14 September 2007

IDEALISM – IS IT A LOST PHENOMENON?

There is something called as idealism. The kind of idealism you associate with university students and student activism. I can’t exactly define it because I have never experienced it. But it is the kind of idealism which comes from the so-called intellectual discussions in the coffee house and a Presidency College or JNU/St. Stephen’s education. This kind of idealism has manifested itself in different forms at different times. It is anti-establishment, anti-convention. Pre-independence it had an anti-imperialist, anti-British tone. During the 1960s, it was in the form of Vietnam, Flower Power, Beatles and Hippies. In China, it was in the form of pro-democracy movements which eventually culminated into Tiananmen Square Massacre. During my father’s college days of late 1960s and early 1970s, it was the Naxalism, the leftist movement, in Bengal. This Naxalism was not a guerilla war of some outlawed group run by some illiterate, poor peasants, but fought by some of the best and brightest young minds of Bengal, who chucked out promising and lucrative careers for an uncertain underground life. They believed in an ideology, a dream. They were the idealists or were they the fanatics? This kind of idealism essentially implies complete faith in the cause for which you are fighting. This is the kind of idealism which has been protrayed in ‘Hazaaron Khwaishein Aisi’. The proponents of such idealisms, which are often anti-establishment, often end up getting disillusioned or compromise, chuck their ideology and get on with their life. Just like Kay Kay Menon in the movie. The fiery thoughts and speeches can take you only so far.

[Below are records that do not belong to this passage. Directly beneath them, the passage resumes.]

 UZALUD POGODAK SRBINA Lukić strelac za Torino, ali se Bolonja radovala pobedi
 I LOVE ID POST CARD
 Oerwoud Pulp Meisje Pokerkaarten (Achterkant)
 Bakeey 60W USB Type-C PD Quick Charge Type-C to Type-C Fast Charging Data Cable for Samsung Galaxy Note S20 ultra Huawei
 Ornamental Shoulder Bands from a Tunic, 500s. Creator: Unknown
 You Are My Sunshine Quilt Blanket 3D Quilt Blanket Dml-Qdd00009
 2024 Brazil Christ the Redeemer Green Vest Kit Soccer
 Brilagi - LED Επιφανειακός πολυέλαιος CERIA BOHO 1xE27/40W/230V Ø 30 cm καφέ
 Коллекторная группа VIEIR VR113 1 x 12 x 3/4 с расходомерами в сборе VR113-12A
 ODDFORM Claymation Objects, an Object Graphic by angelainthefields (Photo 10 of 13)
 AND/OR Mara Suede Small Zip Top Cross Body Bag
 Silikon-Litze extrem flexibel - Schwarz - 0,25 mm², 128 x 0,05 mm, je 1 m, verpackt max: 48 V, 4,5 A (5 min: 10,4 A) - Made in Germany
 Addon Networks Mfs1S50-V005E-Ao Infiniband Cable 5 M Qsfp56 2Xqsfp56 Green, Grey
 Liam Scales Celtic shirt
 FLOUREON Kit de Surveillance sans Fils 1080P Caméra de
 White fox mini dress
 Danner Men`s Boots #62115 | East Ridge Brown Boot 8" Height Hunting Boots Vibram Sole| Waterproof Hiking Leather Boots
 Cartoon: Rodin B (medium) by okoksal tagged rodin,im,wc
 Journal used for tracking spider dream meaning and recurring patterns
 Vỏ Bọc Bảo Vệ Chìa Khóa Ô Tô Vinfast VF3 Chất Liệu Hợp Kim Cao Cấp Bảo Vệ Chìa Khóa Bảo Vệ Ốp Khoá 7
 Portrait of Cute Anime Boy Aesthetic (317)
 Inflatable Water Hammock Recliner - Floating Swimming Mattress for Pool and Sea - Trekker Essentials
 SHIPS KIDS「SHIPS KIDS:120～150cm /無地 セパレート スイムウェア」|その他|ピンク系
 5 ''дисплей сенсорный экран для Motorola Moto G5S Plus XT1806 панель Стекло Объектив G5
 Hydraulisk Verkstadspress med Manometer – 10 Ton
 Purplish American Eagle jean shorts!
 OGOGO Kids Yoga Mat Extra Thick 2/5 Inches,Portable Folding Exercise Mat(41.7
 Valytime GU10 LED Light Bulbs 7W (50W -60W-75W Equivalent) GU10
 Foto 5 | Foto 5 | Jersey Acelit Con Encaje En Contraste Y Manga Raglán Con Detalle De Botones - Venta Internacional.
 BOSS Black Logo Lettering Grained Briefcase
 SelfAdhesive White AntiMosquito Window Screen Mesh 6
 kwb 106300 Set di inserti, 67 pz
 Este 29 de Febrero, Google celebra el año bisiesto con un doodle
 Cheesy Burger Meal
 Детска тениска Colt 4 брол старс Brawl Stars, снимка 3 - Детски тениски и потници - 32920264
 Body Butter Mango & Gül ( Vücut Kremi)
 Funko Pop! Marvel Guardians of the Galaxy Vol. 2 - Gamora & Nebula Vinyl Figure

My father once asked me during my engineering days that does our generation also has some idealist inclinations about changing the world, about bridging the divides, a dream of an utopian world, just like the one described in Kishore Kumar’s song ‘Aa chal ke tujhe’. But my generation can’t relate to this kind of idealism. We are the kids of information age, fed with the staple diet of internet, where every activity of the old world has been prefixed by an ‘e-‘. Okay, RDB (Rang De Basanti) has stuck a chord with my generation but we essentially inhabit the real and practical world, which offers opportunities to the ones who dare, who work hard and smart, who believe in themselves and not in some romantic ideology.
But I think some amount of idealism is essential in this era of anarchy and mayhem. It is this idealism, however irrational it may be, which brings hope in these troubled times.